• [DIRECTIONS FOR THIS TASK]: Reproduce every entry word for word. Drop all pictures from the copy.

▼

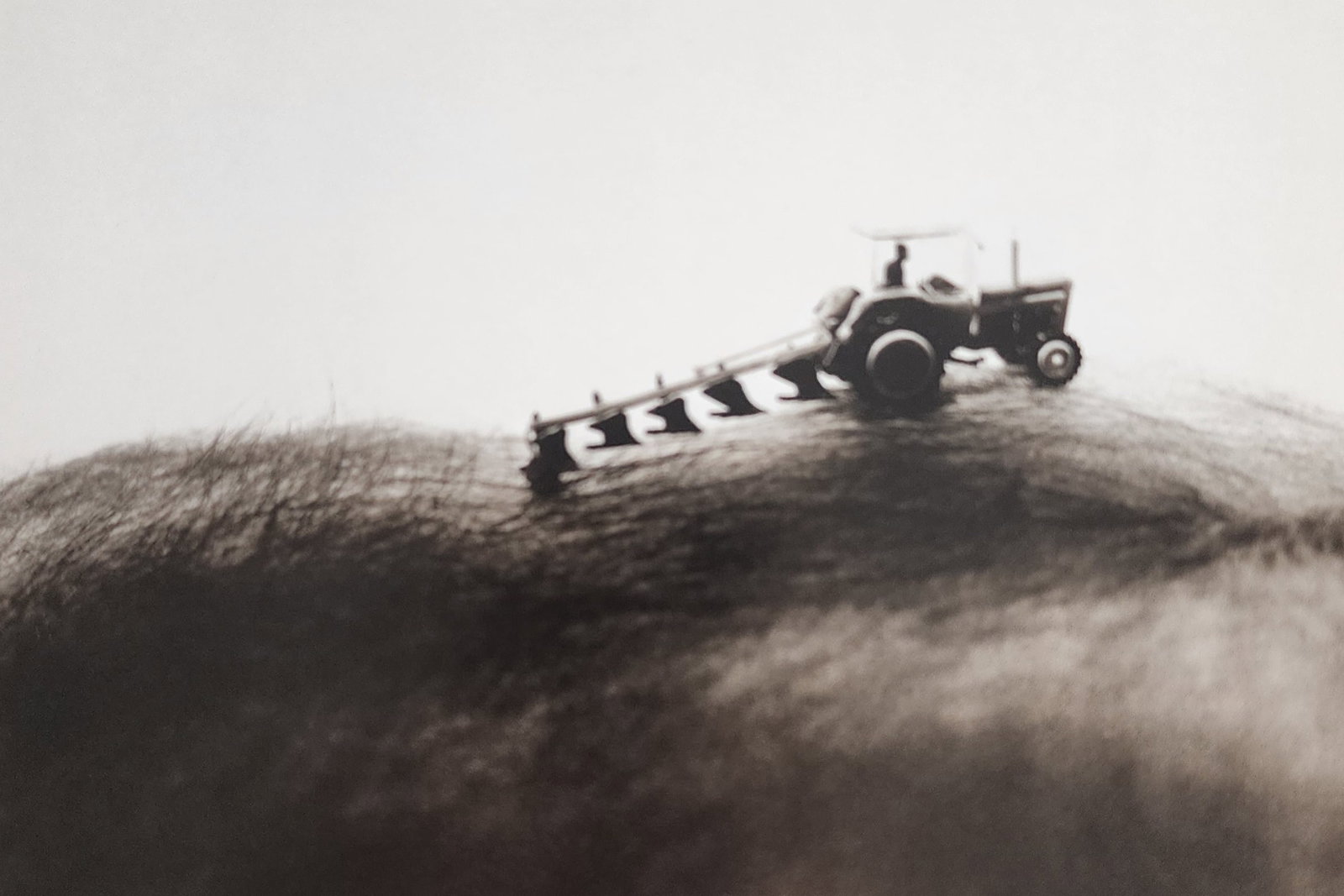 Allan Teger 'Bodyscapes I' 1995: Artist/Photographer: Allan I. Teger Title/Subject: Bodyscapes Type Of Print: Authentic Sheet Fed Photogravure/Heliogravure. Date Of Print: 2012 Paper: Medium weight, satin/matte finish. Print Origin: 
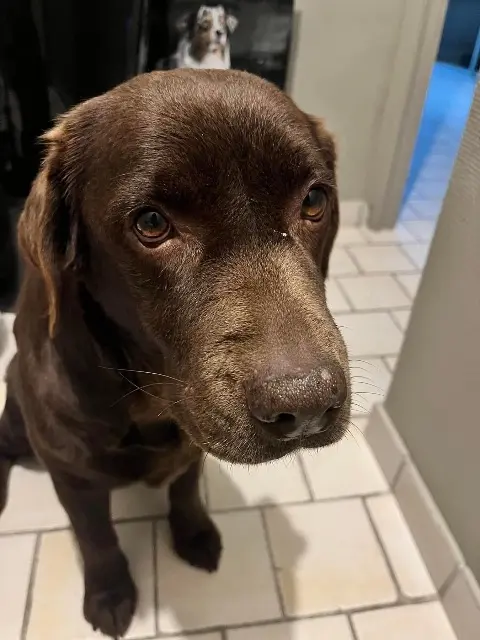 chienne lost   60000 Tillé Jodie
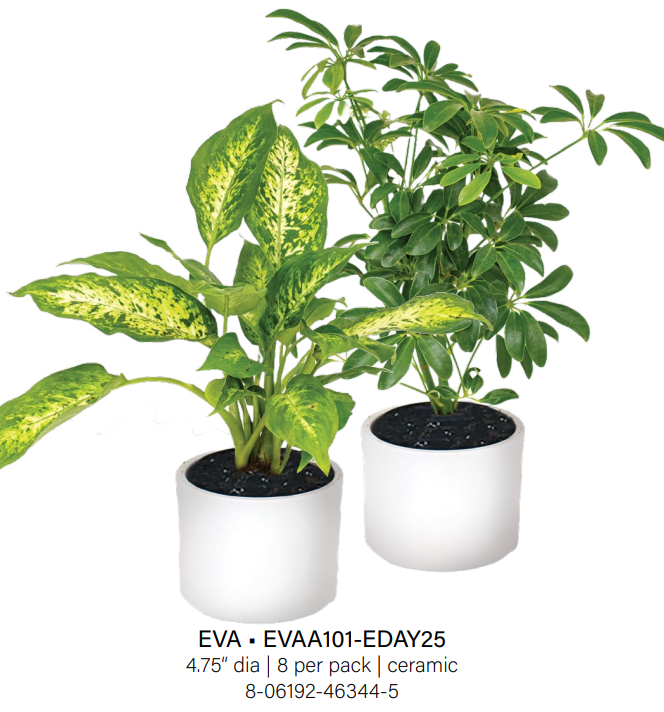 Eva Upgrade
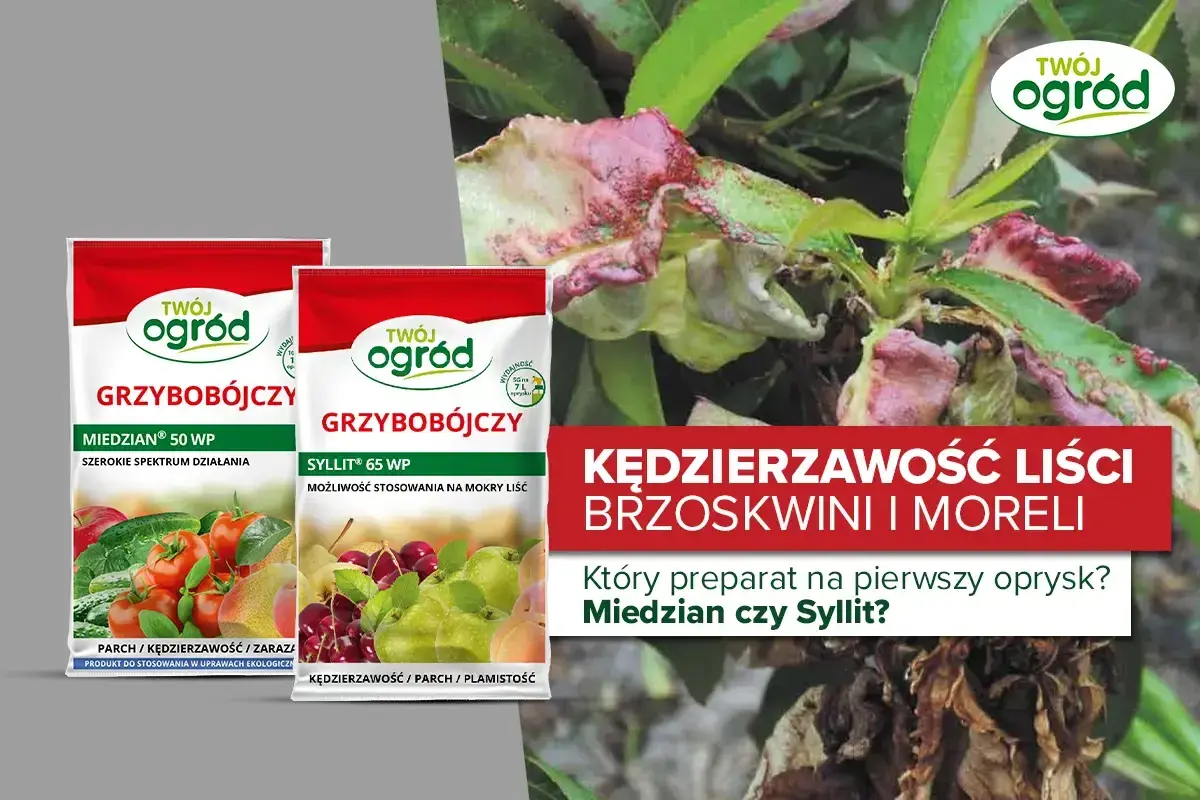 Opakowania Miedzian i Syllit, preparaty grzybobójcze do walki z kędzierzawością liści brzoskwini.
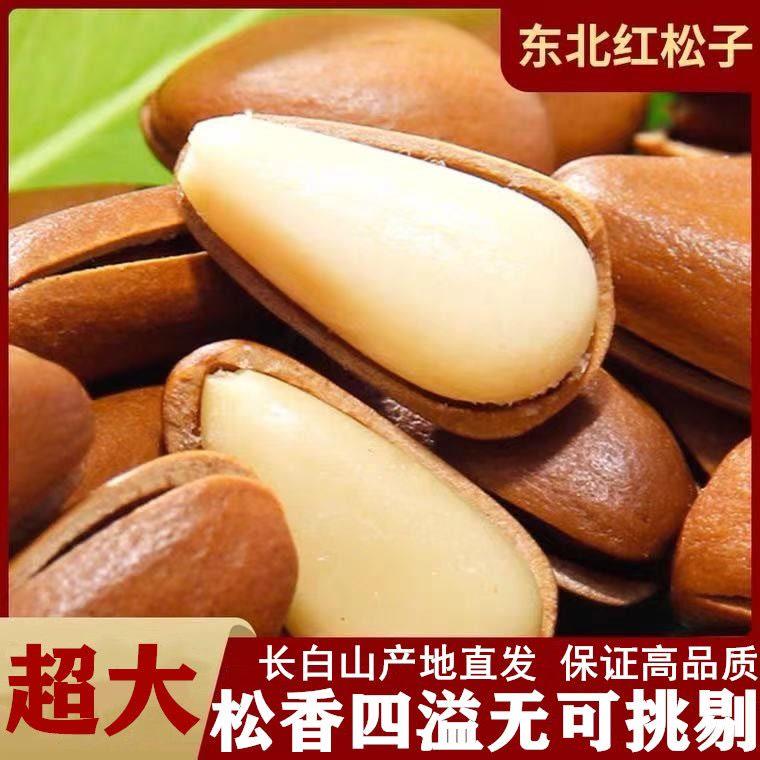 新货开口松子长白山大颗粒原味500g手剥坚果东北零食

▲

• [OUTPUT BELOW]:
 Allan Teger 'Bodyscapes I' 1995: Artist/Photographer: Allan I. Teger Title/Subject: Bodyscapes Type Of Print: Authentic Sheet Fed Photogravure/Heliogravure. Date Of Print: 2012 Paper: Medium weight, satin/matte finish. Print Origin: 
 chienne lost   60000 Tillé Jodie
 Eva Upgrade
 Opakowania Miedzian i Syllit, preparaty grzybobójcze do walki z kędzierzawością liści brzoskwini.
 新货开口松子长白山大颗粒原味500g手剥坚果东北零食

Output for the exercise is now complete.